Deborah Good from the University of British Columbia presents recent pulsar data collected with the CHIME telescope

Good and her team at UBC have been monitoring FRB to look for repeating bursts. Earlier this year, the CHIME telescope detected eight repeaters and 13 one-off or single-burst sources, according to the online research publication server arXiv. Previously, only two repeating FRB had been detected. 

Currently, there are two teams of FRB theorists; those who believe all FRB repeat and that some repeating sources just haven’t occurred or been detected yet, and those who believe there are distinct sources that repeat and those that do not. 

Good, who got her undergraduate degree in engineering and physics at the Colorado School of Mines, is a doctoral student working as a part of CHIME’s FRB team. She also leads inquiry-based-learning labs and is involved in an outreach organization called Let’s Talk Science at UBC. 
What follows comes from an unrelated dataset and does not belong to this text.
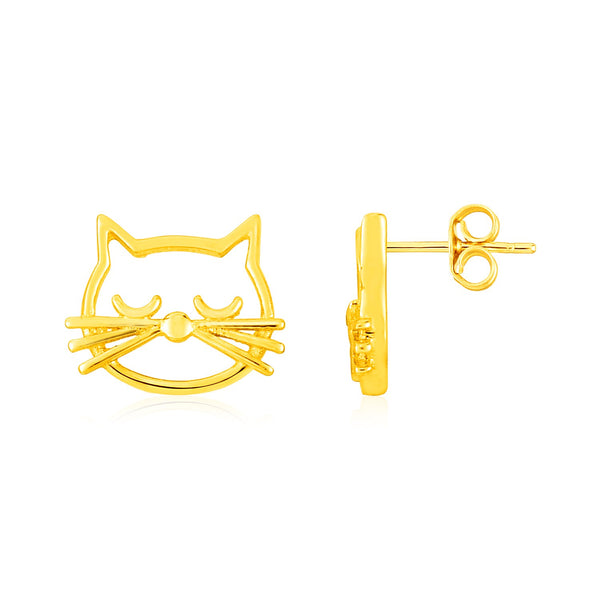 14K Yellow Gold Cat Head Earrings - Premium Earrings - Just $242.99! Shop now at Pulse Designer Fashion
“To me, this research is exciting because I get to answer questions that I don’t know the answers to, and I get to play with fun telescopes,” Good said. 

The colloquium was held in UWM’s Kenwood Interdisciplinary Research Complex Friday afternoon where Good presented the research efforts underway at CHIME. 

CHIME, or the Canadian Hydrogen Intensity Mapping Experiment, is a stationary radio telescope that maps the northern sky almost constantly searching for radio sources like FRB or pulsars, which are rotating neutron stars that emit powerful beams of electromagnetic energy. 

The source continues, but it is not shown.